The meaning of this passage was that as Germany was deemed to have abrogated the treaties by sinking American ships, the German vessels immured in American harbors would be under no treaty protection should war be declared, and would be immediately seized by the American Government. Germany had thus destroyed the protection they would have received in case of war.

The intimidation exercised on Ambassador Gerard to obtain his signature to the protocol and its submission by Dr. Ritter to Secretary Lansing showed that Germany was nervously concerned about safeguarding her interests in the United States and feared for the safety of her nationals in the pending crisis. Ample assurances presently came to Berlin, however, that, during the diplomatic break at any rate, the American Government would not resort to Teutonic methods. Count von Bernstorff was safe; no ships had been seized; no crews arrested; no other German persons or interests molested. Thereupon Ambassador Gerard and an entourage of some 120 Americans received their passports and left the German capital on February 10, 1917, for the United States via Switzerland and Spain.
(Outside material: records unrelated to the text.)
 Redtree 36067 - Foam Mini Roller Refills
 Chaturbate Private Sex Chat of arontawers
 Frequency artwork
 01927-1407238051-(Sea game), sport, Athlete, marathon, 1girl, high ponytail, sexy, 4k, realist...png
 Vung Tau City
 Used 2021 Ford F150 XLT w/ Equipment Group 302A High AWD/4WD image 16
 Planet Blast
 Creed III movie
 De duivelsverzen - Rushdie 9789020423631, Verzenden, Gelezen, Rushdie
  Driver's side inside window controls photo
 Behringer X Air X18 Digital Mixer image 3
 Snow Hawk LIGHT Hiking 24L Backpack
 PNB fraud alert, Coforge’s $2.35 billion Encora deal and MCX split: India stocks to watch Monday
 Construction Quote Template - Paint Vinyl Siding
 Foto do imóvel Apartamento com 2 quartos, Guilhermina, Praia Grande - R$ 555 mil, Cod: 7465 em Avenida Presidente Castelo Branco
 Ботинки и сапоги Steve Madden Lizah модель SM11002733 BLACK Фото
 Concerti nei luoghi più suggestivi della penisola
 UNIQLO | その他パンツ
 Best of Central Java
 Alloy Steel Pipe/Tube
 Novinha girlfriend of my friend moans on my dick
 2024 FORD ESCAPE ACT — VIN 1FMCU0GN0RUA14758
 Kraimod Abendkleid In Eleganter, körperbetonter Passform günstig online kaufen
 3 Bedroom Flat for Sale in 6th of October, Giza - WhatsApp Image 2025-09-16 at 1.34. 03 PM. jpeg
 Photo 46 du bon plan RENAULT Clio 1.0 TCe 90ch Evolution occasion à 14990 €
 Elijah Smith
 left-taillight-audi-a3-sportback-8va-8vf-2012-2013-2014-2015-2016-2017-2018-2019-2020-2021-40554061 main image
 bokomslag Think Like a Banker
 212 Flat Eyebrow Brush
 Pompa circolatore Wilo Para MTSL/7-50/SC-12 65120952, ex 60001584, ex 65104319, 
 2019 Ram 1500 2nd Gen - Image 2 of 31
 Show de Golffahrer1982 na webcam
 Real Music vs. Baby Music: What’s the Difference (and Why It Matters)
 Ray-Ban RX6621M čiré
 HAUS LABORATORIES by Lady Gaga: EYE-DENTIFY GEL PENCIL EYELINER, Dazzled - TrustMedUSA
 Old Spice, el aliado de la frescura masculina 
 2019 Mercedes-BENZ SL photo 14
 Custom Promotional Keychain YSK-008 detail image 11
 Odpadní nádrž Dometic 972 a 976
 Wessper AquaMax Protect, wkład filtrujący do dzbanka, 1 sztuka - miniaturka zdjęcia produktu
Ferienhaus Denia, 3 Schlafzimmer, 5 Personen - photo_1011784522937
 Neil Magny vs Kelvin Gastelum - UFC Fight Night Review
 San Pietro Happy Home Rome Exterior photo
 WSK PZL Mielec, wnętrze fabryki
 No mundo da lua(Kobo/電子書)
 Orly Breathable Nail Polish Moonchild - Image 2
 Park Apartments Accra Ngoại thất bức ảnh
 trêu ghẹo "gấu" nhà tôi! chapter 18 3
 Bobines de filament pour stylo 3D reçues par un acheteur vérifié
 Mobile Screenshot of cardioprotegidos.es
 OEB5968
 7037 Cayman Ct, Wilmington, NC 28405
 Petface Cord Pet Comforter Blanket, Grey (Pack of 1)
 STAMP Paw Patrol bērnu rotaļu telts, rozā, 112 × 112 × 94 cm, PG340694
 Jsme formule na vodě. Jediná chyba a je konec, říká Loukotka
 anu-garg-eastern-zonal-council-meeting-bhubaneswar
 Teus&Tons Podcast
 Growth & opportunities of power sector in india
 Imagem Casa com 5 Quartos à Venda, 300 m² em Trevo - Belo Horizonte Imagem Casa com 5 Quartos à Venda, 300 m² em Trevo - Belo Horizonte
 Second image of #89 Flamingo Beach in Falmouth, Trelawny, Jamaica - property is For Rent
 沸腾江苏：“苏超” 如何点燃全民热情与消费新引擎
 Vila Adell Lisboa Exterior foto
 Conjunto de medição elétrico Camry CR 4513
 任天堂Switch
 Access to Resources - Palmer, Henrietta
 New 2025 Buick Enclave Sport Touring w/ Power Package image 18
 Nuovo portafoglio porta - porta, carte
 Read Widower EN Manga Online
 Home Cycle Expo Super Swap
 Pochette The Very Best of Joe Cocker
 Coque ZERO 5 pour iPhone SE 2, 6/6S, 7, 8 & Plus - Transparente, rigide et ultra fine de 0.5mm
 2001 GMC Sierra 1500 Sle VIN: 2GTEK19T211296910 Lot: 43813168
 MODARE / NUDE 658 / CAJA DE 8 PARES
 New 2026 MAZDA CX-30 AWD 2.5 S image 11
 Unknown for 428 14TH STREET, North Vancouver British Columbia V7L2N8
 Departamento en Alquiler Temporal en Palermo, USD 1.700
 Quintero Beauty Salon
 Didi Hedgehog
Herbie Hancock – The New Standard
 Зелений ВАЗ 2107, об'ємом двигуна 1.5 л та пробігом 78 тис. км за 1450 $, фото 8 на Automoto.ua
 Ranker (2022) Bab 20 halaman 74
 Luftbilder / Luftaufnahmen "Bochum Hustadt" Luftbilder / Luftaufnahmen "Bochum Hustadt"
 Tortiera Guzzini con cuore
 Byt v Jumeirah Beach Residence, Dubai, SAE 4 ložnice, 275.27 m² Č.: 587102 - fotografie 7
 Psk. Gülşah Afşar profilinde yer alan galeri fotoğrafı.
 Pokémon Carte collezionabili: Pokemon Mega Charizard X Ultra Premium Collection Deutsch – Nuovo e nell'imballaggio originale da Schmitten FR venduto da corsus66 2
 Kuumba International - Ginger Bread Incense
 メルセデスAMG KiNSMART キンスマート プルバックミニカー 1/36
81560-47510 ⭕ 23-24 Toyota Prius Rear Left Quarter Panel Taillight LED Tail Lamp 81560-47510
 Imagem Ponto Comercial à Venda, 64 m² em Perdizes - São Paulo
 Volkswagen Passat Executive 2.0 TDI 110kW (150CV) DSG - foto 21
Germany was less ready to release the Americans known as the Yarrowdale prisoners. Her Government still appeared to fear that the crews of German warships in American ports were in danger, and evidently wanted hostages at hand lest any trouble befell them at the hands of the American military authorities. Secretary Lansing demanded their release on February 3, 1917, when relations were broken. Germany assented, then withdrew her assent. A second request for their freedom and for an explanation of their continued detention was made on February 13, 1917. At this date the men had been held as prisoners of war for forty-four days contrary to international law. After being captured from Allied vessels sunk by the German raider, they were taken before a prize court at Swinemunde, when their status was determined. Neutral merchant seamen, according to Germany, must be held as prisoners of war because they had served and taken pay on armed enemy vessels. Germany disclosed for the first time that she was treating armed merchantmen as ships of war and regarded neutral seamen found on such vessels as combatants. The German raider had captured altogether 103 subjects of neutral states. They were not imprisoned because they had committed hostile acts, which would have justified their detention. They were penalized for being on enemy vessels. The American Government insisted that Germany had no right to hold any Americans as war prisoners unless they committed hostile acts. Germany had no answer to make to that contention. But she did not free them. "They will be released just as soon as we learn of the fate of the German crews in American ports," said Herr Zimmermann, Foreign Secretary.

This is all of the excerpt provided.